• Batch Script – Extract Text Line From Text Files

    Home » Forums » Developers, developers, developers » DevOps Lounge » Batch Script – Extract Text Line From Text Files

    Author
    Topic
    #504699

    Folks,

    hope all are good.:)

    Can a batch expert help me with this batch file.

    I simply wanted to extract some text from text files

    Begin sampletext End >> file1.txt

    Begin anotherlineoftext End >> file2.txt

    Out put these text strings to a new text file

    I wanted to run it on my folder of text files.

    I found this – but still confused

    http://stackoverflow.com/questions/18069790/batch-script-to-extract-lines-between-two-specified-lines

    Code:
    @ECHO OFF
    SETLOCAL 
    
    
    SET "sourcedir=c:sourcedir"    '  current folder
    
    
    SET "destdir=c:destdir"      
    
    
    for /f "tokens=1 delims=[]" %%a in ('find /n "'Parent|Child"^<"%sourcedir%Cost_Center.txt" ') do set /a start=%%a
    
    
    for /f "tokens=1 delims=[]" %%a in ('find /n "!PropertyArray= Begin
    
    Center"^<"%sourcedir%    folder files   " ') do set /a end=%%a
    (
    for /f "tokens=1* delims=[]" %%a in ('find /n /v ""^"%destdir%newfile.txt"
    GOTO :EOF
    
    

    I don’t know how to fix this, it seems really complicated now.

    I have very basic experience of cmd and batch filing – so any advice really appreciated

    many thanks for your advice 😀

    pb

    Viewing 14 reply threads
    Author
    Replies
    • #1553994

      PB,

      This is the kind of thing that PowerShell handles very well and very easily. If you could provide some sample data and a template for exactly what you are trying to extract I’d be glad to work up a PS script to accomplish it.

      HTH :cheers:

      May the Forces of good computing be with you!

      RG

      PowerShell & VBA Rule!
      Computer Specs

    • #1554006

      pb89,

      Your problem setup isn’t clear. Your statements:

      I simply wanted to extract some text from text files

      and

      Out put these text strings to a new text file

      These make sense as they stand. However between them you muddied the waters with:

      Begin sampletext End >> file1.txt

      Begin anotherlineoftext End >> file2.txt

      Uh, what? You see I can read this as a pseudocode example of the problem setup. Or I can read this as actual code, because this is (largely) correct command syntax. In which case such code doesn’t reflect the other statements you made.
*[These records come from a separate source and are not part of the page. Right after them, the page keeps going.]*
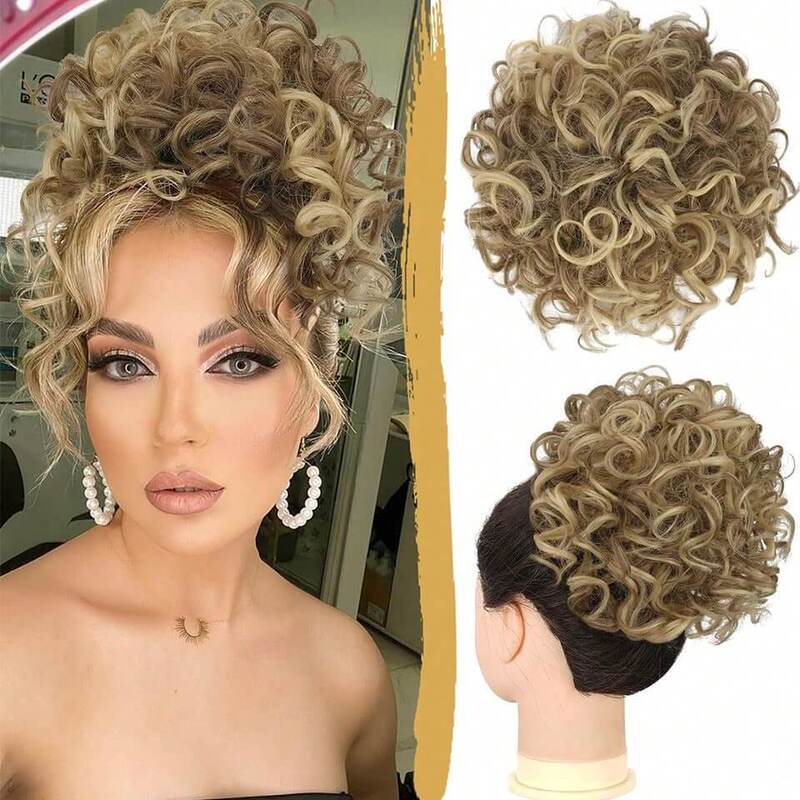 Cross-Border Foreign Trade Wig Bag Messy Drawstring Hair Bag European and American Wig Drawstring Elastic Drawstring Loose Wavy Large Curly Bun Cross-Border Foreign Trade Wig Bag Messy Drawstring Hair Bag European and American Wig Drawstring Elastic Drawstring Loose Wavy Large Curly Bun
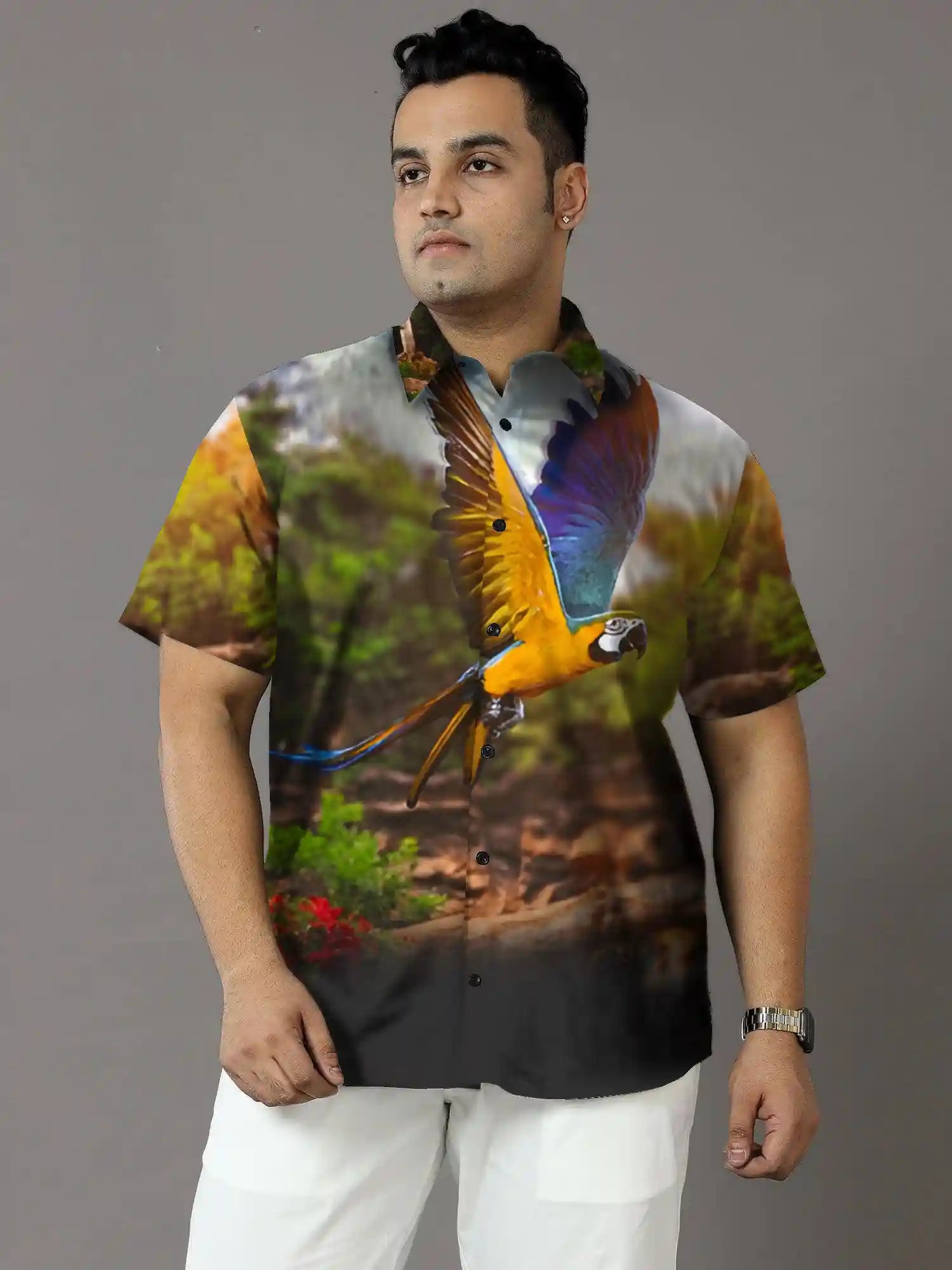 Parrots Print Party Wear Plus Size Half Shirt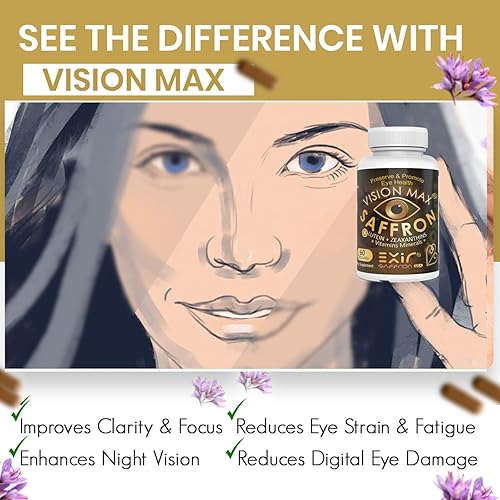 Vista 4 de Vision Max Suplemento de vitaminas para los ojos, con azafrán, luteína y zeaxantina, defensa de la luz azul, soporte macular y de retina, alivia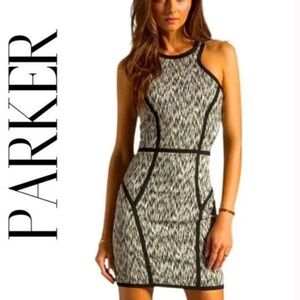 PARKER “PALMS” RACER BACK COTTON DRESS BLK/WHT S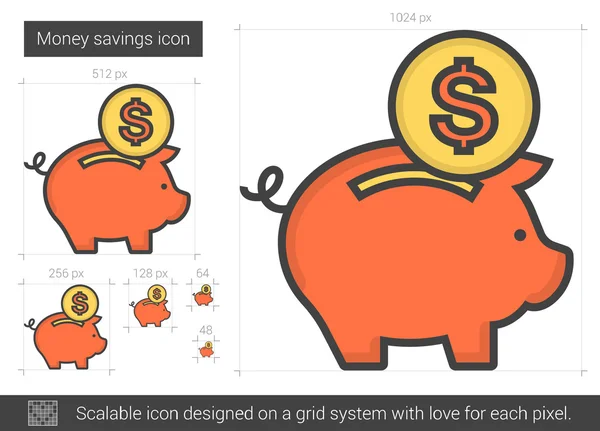 Money savings line icon. — Stock Vector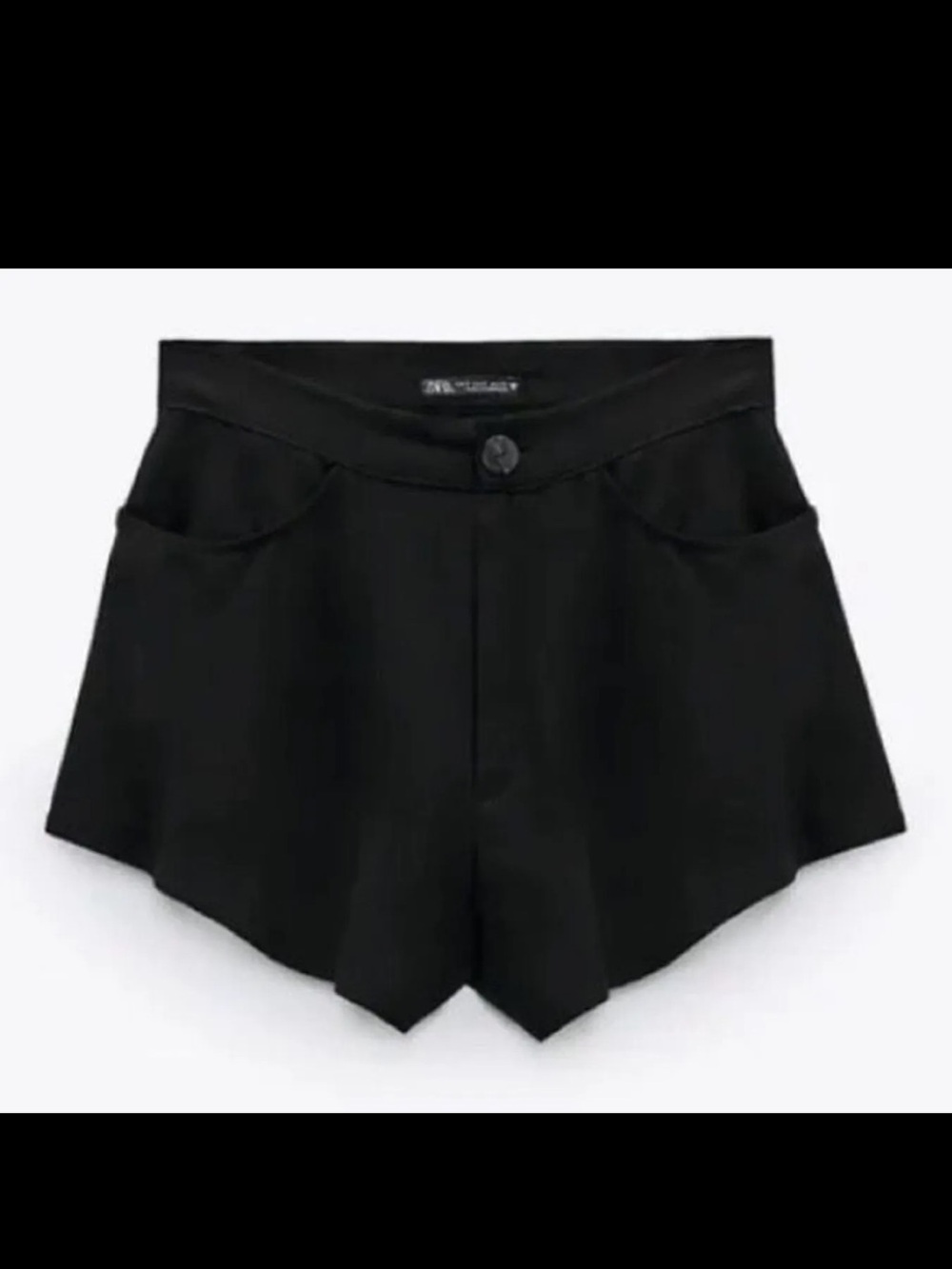 Zara Black High-Waist Scallop Hem Shorts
      However, let’s ignore your pseudocode/real code statements and just go with the other statements. Why not simply code the following command:

      copy Combined.out + *.txt

      This takes all the text files and appends them together into a single output file called “Combined.out”. I changed the file extension on the new file because I don’t want recursive file copies, locking problems and any other bad things that might happen if the input and output file extensions were the same.

    • #1554008

      Folks,

      my apologies, yes this is a complex problem – my brain has fried.:D:

      Below a sample folder will have many text files.

      43746-image

      Each Text file has a specific string I need to extract – the string is between 2 place holders.

      Lets call them Begin StringToExtract END

      I simply wanted to loop through all the text files – and extract each string between the placeholders.

      Then Output the Strings to a single text file.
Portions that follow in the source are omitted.